A **Histogram** is used because it effectively shows the distribution of **CSAT Scores** (ranging from 1 to 5). This helps us understand the frequency of each rating and whether customers are generally satisfied or dissatisfied. The **KDE (Kernel Density Estimation)** line also helps visualize the overall trend smoothly.

##### 2. What is/are the insight(s) found from the chart?

  
- If the histogram shows a peak around **4 or 5**, it indicates that most customers are satisfied with Flipkart’s customer service.  
- If there is a high frequency of **1s and 2s**, it signals dissatisfaction, requiring urgent action.  
- A **balanced distribution** suggests varying experiences, meaning improvements should focus on consistency.=

##### 3. Will the gained insights help creating a positive business impact?
Are there any insights that lead to negative growth? Justify with specific reason.

  
**Positive Impact:**  
- If the majority of ratings are **4 or 5**, it validates the effectiveness of customer support.  
- If the CSAT scores improve over time, it reflects a positive trend in service quality.  

**Negative Impact:**  
- If many customers give **1 or 2 stars**, it highlights dissatisfaction.
- A concentration of **low scores in specific time periods, agent shifts, or issue categories** indicates service weaknesses.  
- Negative scores can lead to lower customer retention, brand reputation issues, and reduced sales.

#### Chart - 5

In [None]:
# Chart - 5: Average Response Time by Issue Category

# Convert time-related columns to datetime format
df["Issue_reported at"] = pd.to_datetime(df["Issue_reported at"], errors='coerce')
df["issue_responded"] = pd.to_datetime(df["issue_responded"], errors='coerce')

# Calculate response time in hours
df["Response_Time"] = (df["issue_responded"] - df["Issue_reported at"]).dt.total_seconds() / 3600

# Remove extreme outliers for better visualization
df_filtered = df[df["Response_Time"] < df["Response_Time"].quantile(0.99)]

# Chart - 5: Average Response Time by Issue Category
plt.figure(figsize=(14, 7))
sns.boxplot(x="Response_Time", y="category", data=df_filtered, palette="coolwarm")

# Titles and labels
plt.title("Average Response Time by Issue Category", fontsize=16, fontweight="bold")
plt.xlabel("Response Time (Hours)", fontsize=14)
plt.ylabel("Issue Category", fontsize=14)

# Show plot
plt.show()


##### 1. Why did you pick the specific chart?


- A **Box Plot** is the best way to show how response times vary across different issue categories.  
- It highlights **the median response time, variations, and outliers**, helping to identify **which issues take the longest to resolve**.

##### 2. What is/are the insight(s) found from the chart?
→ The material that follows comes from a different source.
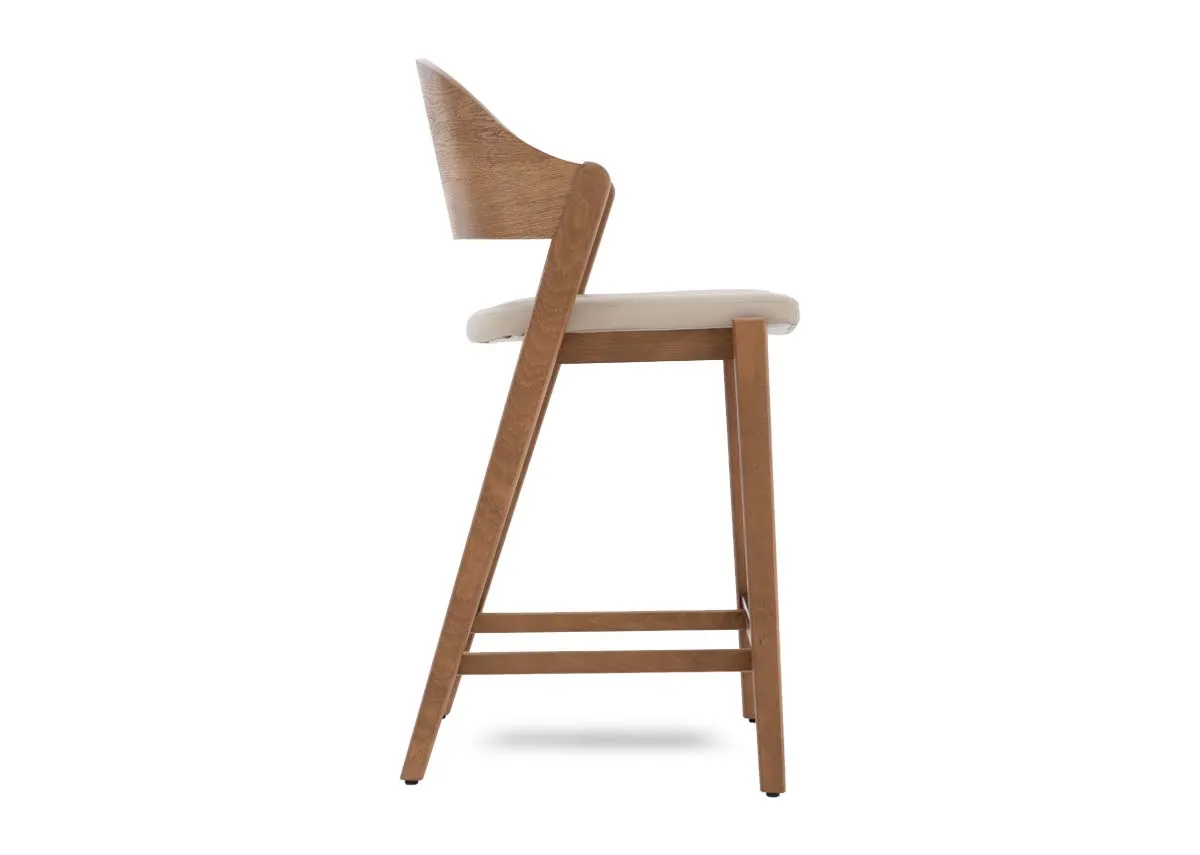 A rustic oak bar stool with ivory faux leather seat from EZ Livings Vega range. Side view of angled back leg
- **Returns & Refunds have the longest response times**, meaning these issues take longer to resolve.  
- **Order-related issues (like cancellations or delivery status)** have **shorter response times** compared to returns.  
- There are **outliers** in some categories, indicating that certain cases take significantly longer than the average.

##### 3. Will the gained insights help creating a positive business impact?
Are there any insights that lead to negative growth? Justify with specific reason.

**Positive Impact:**  
- Identifying slow categories (like Returns) allows Flipkart to **optimize customer service efforts** in those areas.  
- Faster response times in order-related issues show **efficiency in certain areas**, which can be replicated across other categories.

**Negative Impact:**  
- If **return & refund complaints remain slow**, customers may **lose trust in the platform** and switch to competitors.  
- **Outliers indicate cases with extreme delays**, which could lead to negative reviews or escalations.

#### Chart - 6

In [None]:
# Chart - 6: Response Time vs CSAT Score

plt.figure(figsize=(12, 6))

# Scatter plot for response time vs CSAT score
sns.scatterplot(data=df, x="Response_Time", y="CSAT Score", alpha=0.5, color="blue")

# Titles and labels
plt.title("Response Time vs CSAT Score", fontsize=16, fontweight="bold")
plt.xlabel("Response Time (Hours)", fontsize=14)
plt.ylabel("CSAT Score", fontsize=14)

# Show plot
plt.show()


##### 1. Why did you pick the specific chart?

- A **Scatter Plot** helps visualize the **correlation between response time and CSAT scores.**  
- It shows if **faster responses** lead to **higher satisfaction** or if other factors impact CSAT scores.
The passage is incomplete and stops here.